Kolkatans are foodies. There are quiet a number of speciality Bengali restaurants besides numerous other small eateries who serve regular Bengali meals. If, by any chance you happen to visit Kolkata, please do visit them to taste our local cuisine....both....exotic and regular. At some places they will serve you traditionally in banana leaves and earthern pots. Oh! how I love food to be served this way. Obviously, you will not miss eating our famous sweets. To taste the many varieties you need to stay for at least 15 days.

We are used to making coconut filled crepes. These fish filled crepes are not so common, in fact, they were quiet new to me. You need to prepare a fish filling and batter to make Fish Crepes/ Macher Patishapta.

INGREDIENTS[for the fish filling] :
Fish Fillets : 400gm
Onion : 2[medium]
Ginger Paste : 2tsp
Garlic Paste : 2tbsp
Green Chillies : 3
Bengali Garam Masala : 1/2tsp[cinnamon, green cardamom and cloves dry roasted and ground to a powder]
Lemon : 1
Salt : As required
Turmeric Powder : 1tsp
Cumin Seeds : 1/4tsp
All purpose flour : 1tbsp
Oil : 3tbsp

INGREDIENTS[for the batter] :
All purpose flour : 2 cups[medium]
Corn flour : 1 cup[medium]
Egg : 1
Water : As required
Salt : As required
Oil : 2drops

You need 1/4 tsp oil for frying 3 crepes, then again 1/4 tsp for the 4th one.

Wash and marinate the fish fillets with the lemon juice and very little salt. Keep aside. Get the ginger and garlic paste, garam masala powder ready in hand.
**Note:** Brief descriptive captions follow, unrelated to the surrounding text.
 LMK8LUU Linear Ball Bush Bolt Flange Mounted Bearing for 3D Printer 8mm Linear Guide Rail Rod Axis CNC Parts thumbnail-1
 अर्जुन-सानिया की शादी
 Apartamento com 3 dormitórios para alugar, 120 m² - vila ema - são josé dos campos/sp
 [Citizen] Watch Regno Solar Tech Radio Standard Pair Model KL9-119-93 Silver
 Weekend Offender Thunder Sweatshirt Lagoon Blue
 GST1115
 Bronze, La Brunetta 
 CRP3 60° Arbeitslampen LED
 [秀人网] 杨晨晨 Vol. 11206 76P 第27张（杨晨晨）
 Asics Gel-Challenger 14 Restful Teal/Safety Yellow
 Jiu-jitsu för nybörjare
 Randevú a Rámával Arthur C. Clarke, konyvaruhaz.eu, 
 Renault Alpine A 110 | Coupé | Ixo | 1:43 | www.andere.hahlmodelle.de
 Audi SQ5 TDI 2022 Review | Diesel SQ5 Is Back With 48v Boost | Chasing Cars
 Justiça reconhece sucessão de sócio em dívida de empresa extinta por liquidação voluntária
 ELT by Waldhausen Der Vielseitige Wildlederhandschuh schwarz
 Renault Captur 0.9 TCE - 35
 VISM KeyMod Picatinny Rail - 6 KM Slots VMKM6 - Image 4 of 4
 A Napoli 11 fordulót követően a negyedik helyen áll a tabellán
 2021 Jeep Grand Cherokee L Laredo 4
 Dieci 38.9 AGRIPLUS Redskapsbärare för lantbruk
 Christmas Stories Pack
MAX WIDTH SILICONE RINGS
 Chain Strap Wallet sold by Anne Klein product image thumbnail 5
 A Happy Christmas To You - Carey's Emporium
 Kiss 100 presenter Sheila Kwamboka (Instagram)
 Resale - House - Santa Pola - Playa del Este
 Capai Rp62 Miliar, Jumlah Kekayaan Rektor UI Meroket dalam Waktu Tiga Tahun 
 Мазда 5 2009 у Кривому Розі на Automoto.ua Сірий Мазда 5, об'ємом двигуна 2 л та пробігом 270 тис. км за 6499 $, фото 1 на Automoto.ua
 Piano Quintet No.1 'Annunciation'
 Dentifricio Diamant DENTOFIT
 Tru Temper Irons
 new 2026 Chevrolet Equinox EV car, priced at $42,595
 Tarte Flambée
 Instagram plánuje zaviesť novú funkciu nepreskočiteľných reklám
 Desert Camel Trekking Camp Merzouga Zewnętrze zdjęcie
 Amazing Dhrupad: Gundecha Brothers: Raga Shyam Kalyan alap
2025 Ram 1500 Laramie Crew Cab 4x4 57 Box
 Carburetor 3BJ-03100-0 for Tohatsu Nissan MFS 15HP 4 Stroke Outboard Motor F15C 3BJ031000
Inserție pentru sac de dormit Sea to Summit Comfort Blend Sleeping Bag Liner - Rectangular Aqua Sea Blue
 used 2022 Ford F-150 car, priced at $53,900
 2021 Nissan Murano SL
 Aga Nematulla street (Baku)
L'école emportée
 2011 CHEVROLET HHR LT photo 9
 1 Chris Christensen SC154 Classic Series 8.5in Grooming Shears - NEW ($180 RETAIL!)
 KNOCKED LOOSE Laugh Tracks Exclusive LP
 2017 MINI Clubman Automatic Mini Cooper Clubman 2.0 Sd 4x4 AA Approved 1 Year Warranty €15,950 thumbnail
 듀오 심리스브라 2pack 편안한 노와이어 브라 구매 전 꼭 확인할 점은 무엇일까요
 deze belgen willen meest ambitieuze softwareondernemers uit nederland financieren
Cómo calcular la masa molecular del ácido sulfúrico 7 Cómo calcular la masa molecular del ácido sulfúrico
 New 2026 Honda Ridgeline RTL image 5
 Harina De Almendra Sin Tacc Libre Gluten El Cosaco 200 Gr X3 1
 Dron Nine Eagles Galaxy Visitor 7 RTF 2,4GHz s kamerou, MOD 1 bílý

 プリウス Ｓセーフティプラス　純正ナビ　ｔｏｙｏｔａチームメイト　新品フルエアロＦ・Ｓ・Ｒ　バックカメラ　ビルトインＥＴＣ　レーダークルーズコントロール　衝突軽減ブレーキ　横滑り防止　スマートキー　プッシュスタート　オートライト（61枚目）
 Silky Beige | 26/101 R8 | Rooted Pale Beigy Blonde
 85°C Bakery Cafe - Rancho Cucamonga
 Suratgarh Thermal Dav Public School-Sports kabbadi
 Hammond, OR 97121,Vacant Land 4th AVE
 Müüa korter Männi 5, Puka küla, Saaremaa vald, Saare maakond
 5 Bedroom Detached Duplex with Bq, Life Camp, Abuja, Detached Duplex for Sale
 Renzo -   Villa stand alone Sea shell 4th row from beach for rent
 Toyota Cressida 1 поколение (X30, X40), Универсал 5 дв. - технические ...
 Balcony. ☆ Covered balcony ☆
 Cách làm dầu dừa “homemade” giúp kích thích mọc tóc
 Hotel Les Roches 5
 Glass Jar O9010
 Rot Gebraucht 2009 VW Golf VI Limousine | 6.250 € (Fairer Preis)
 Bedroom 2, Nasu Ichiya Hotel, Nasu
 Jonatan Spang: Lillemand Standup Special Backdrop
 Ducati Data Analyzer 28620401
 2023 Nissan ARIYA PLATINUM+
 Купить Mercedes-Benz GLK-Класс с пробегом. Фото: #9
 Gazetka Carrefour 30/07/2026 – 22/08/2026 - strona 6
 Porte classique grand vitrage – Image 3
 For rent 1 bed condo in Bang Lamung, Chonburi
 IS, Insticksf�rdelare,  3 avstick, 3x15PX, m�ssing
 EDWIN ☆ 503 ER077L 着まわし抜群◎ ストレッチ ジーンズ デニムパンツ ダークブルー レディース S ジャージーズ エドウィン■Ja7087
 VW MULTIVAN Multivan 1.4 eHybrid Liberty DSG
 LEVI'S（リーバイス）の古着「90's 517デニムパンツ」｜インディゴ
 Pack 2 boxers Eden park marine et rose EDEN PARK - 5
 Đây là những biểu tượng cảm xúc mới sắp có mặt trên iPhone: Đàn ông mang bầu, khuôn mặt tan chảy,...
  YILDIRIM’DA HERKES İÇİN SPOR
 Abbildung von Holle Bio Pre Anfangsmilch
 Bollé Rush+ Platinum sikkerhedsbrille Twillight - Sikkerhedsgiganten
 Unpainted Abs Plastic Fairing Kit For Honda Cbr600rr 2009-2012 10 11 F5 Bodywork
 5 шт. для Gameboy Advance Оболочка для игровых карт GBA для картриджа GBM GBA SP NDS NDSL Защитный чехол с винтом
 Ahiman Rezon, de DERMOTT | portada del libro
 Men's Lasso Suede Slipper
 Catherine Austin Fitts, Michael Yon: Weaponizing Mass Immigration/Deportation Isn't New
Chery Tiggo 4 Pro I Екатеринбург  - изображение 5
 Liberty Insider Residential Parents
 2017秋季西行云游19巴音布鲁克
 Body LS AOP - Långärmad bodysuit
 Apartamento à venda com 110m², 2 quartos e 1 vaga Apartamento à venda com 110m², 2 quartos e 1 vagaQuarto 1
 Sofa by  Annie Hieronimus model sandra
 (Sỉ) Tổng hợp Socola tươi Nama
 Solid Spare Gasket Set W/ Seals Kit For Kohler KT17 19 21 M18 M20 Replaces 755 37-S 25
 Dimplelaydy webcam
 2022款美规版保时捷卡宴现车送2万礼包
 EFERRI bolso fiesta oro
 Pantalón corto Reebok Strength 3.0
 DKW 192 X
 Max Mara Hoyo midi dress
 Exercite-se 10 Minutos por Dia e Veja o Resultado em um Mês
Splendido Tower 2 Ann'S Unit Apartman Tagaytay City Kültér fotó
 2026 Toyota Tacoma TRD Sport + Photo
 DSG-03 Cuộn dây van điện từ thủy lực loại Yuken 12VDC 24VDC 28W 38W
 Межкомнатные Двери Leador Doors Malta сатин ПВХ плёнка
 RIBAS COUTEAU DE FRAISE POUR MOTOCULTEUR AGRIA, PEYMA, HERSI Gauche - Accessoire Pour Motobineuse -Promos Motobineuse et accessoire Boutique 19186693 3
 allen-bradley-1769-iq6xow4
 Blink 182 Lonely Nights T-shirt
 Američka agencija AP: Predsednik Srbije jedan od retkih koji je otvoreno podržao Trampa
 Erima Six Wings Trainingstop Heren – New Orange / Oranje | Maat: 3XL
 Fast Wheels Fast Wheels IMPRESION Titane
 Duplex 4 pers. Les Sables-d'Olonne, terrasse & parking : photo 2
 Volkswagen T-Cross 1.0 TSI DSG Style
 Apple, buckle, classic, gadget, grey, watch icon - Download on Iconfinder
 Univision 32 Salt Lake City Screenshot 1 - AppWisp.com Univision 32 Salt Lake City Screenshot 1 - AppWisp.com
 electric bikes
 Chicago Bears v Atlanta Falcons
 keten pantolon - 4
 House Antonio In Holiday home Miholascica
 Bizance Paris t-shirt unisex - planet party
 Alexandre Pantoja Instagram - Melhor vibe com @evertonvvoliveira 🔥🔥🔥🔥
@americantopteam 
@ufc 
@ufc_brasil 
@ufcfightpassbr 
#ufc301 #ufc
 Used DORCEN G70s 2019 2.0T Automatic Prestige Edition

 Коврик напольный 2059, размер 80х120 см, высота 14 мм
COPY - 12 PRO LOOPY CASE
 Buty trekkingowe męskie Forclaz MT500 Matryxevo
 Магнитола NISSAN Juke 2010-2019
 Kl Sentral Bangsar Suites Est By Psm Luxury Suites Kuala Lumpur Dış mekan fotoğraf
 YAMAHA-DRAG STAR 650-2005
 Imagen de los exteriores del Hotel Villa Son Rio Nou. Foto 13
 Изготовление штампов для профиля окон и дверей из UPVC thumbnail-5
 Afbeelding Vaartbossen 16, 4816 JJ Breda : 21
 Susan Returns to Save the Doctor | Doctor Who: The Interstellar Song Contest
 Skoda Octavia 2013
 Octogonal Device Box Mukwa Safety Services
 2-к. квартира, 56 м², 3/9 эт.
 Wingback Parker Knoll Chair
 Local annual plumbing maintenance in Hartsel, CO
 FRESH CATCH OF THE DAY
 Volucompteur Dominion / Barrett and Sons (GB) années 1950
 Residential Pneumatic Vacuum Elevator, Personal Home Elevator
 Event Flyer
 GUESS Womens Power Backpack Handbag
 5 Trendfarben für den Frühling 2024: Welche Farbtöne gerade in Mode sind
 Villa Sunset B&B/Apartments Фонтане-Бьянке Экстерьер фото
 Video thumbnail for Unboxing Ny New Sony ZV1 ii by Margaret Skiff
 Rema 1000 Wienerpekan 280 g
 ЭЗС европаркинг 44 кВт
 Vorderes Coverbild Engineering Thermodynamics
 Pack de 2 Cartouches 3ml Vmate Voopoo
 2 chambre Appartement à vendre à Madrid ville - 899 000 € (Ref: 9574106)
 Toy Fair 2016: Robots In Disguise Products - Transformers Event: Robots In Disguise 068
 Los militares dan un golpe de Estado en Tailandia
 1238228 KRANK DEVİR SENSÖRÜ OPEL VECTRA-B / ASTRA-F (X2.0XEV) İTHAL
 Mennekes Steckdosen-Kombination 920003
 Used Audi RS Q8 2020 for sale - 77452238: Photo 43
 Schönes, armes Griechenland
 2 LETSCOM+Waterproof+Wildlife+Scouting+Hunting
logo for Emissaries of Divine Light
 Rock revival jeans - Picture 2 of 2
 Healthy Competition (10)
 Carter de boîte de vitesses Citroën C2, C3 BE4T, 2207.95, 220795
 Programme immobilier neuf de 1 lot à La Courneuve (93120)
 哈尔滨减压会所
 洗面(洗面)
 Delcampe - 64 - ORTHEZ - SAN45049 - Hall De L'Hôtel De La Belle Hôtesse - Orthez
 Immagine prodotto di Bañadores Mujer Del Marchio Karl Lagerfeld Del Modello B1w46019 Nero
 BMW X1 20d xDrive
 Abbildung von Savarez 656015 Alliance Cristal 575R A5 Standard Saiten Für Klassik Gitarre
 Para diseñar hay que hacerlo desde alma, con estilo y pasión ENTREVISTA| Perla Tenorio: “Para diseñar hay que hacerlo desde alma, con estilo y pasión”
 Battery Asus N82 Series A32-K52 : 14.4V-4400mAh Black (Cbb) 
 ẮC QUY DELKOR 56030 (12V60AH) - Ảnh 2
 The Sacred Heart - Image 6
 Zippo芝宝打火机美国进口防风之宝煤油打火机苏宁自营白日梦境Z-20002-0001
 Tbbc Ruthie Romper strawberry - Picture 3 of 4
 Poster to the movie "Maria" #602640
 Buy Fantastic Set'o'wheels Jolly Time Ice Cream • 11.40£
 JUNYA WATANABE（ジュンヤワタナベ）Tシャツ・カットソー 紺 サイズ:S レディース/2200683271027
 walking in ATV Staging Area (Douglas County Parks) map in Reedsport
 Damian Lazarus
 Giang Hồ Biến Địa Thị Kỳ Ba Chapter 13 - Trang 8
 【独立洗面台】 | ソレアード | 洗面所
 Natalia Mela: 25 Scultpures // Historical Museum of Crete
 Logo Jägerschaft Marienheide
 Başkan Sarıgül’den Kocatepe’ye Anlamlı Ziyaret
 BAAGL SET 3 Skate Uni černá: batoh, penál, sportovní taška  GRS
Chop the green chillies. Slice the onions.

Let us prepare the batter. Take the 2 kinds of flours in a bowl. Add salt. Add water little by little. It will be like a dosa batter. Add the egg n 2 drops oil now. Mix well.

Heat oil in a wok. Add the cumin seeds. As they splutter, add the sliced onions. When they turn brown, add the ginger-garlic paste. Fry till the raw smell goes. Add the salt and turmeric powder and the chopped green chillies. Fry for 1 minute at low heat. Add the marinated fish. Saute well and break the fish with your ladle. When the water is almost drying up, add the garam masala powder and all purpose flour. Cook till all the water dries up but it remains moist. Switch off. Let the filling cool down.

Now heat 1/4tsp oil in a pan. With a round big spoon, pour in a spoonful of batter on the greased pan. Spread with the back of the ladle. Put in some fish filling in the middle as seen in the picture below.

This should be done in medium to low heat. Let the inner part of the crepe cook well. Then fold in from both sides and transfer to a plate. With 1/4 tsp oil you can make upto 3 crepes. Idea is to keep the pan greased.

Serve with sauce of your choice. Goes best with kasundi[a specially made mustard sauce]!!